Percussionists close Stave Sessions

The Chicago-based quartet Third Coast Percussion performed Saturday.ROBERT TORRES/Robert Torres

Third Coast Percussion wasn’t originally scheduled to close out Celebrity Series of Boston’s Stave Sessions, but that they ended up doing so was fitting. The Sessions — six nights of concerts in Berklee’s glass-enclosed, club-like dining hall — marked a somewhat radical departure for Celebrity Series, venturing into the brave new(-ish) world of classical music in nontraditional venues with a sustained dose of contemporary music. Percussion music, for its part, is inherently radical, stripping music down to essentials: time, gesture, attack. The Chicago-based quartet — David Skidmore, Robert Dillon, Peter Martin, and Sean Connors, making their Boston debut — emphasized that quality with a concert of further distillations.

At the center was Steve
Reich’s 1973 “Music for Pieces of Wood,” ringing changes on a single sound — the thwack of claves — and a single process, a variegated layering of repeated rhythmic motives. Its influence seemed to extend across the program. Owen Clayton Condon’s “Fractalia” alternated lapping, modal waves of marimba and stutter-stepping tom-tom breaks; Skidmore’s own “Trying” surrounded a pulsing marimba chorale with skittering, Scandinavian-metal inspired metrical shifts, punctuated with cymbals and kick drum. Other pieces were even more pertinacious. Thierry De May’s “Table Music” limited itself to a single instrument — a tabletop — which Skidmore, Martin, and Connors tapped, knocked, and scratched in circumscribed loops. Augusta Read Thomas’s “Prayer” (the second movement of her suite “Resounding Earth,” written for the group), though rhythmically far from Reich’s pulse-centered style, likewise explored a single timbre, the keening ring of singing bowls.

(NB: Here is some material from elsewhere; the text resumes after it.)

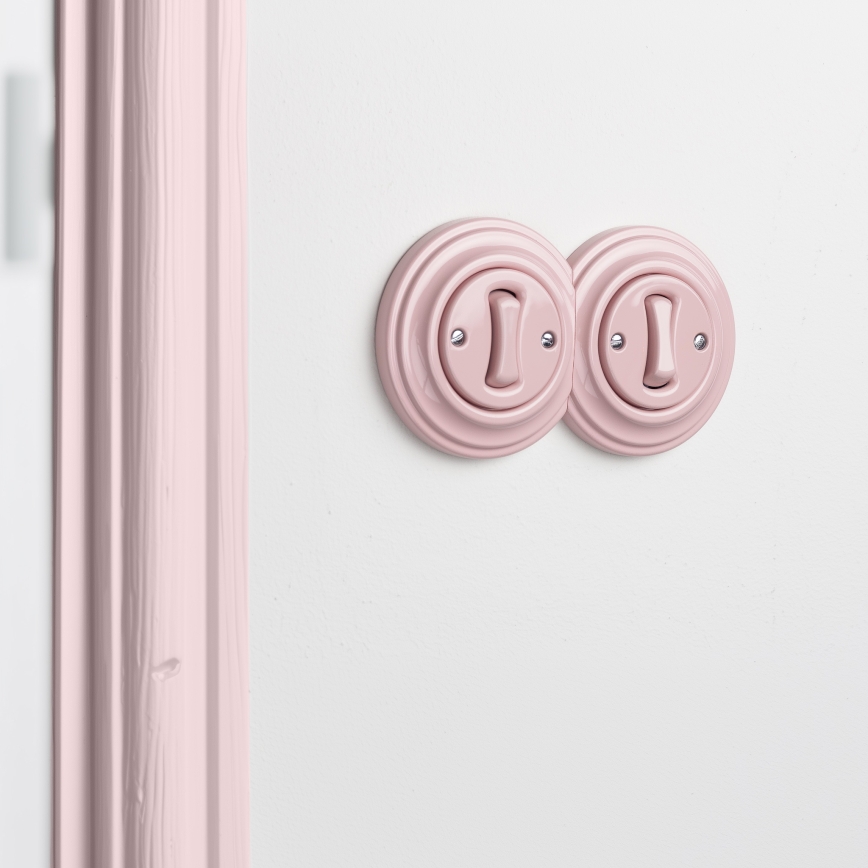 Reblig - Retro double single-pole switch with frame No. 1, dusty pink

Peter Garland’s “Apple Blossom” was the most elemental, a gradually-shifting view of a single, soft, rolled marimba chord. Even the slapstick of Alexandre Lunsqui’s “Shi” (another trio, this time for Skidmore, Connors, and Dillon) grew from a single idea: chopsticks as beaters, producing a tight weave of clicks and clatter. Lunsqui and De May also stylized the physicality of performance, privileging the visual alongside the aural. That suited the players, whose energy was as much choreographic as musical: Movements and interpretations were both exact and amplified, phrasing and gesture inseparably enthusiastic.

That most radical of composers, John Cage, ended up reassembling the evening’s deconstructions. Cage’s 1941 “Third Construction” gathers a determinedly diverse compendium of instruments, standard and exotic, traditional and nontraditional (tin cans are prominent); the music, which the group performed with absolute aplomb, is exuberantly profuse — and surprisingly, thoroughly, and self-sufficiently orchestral. In Cage’s day, liberating the percussion section was revolutionary; and what’s a revolution without a good declaration of independence?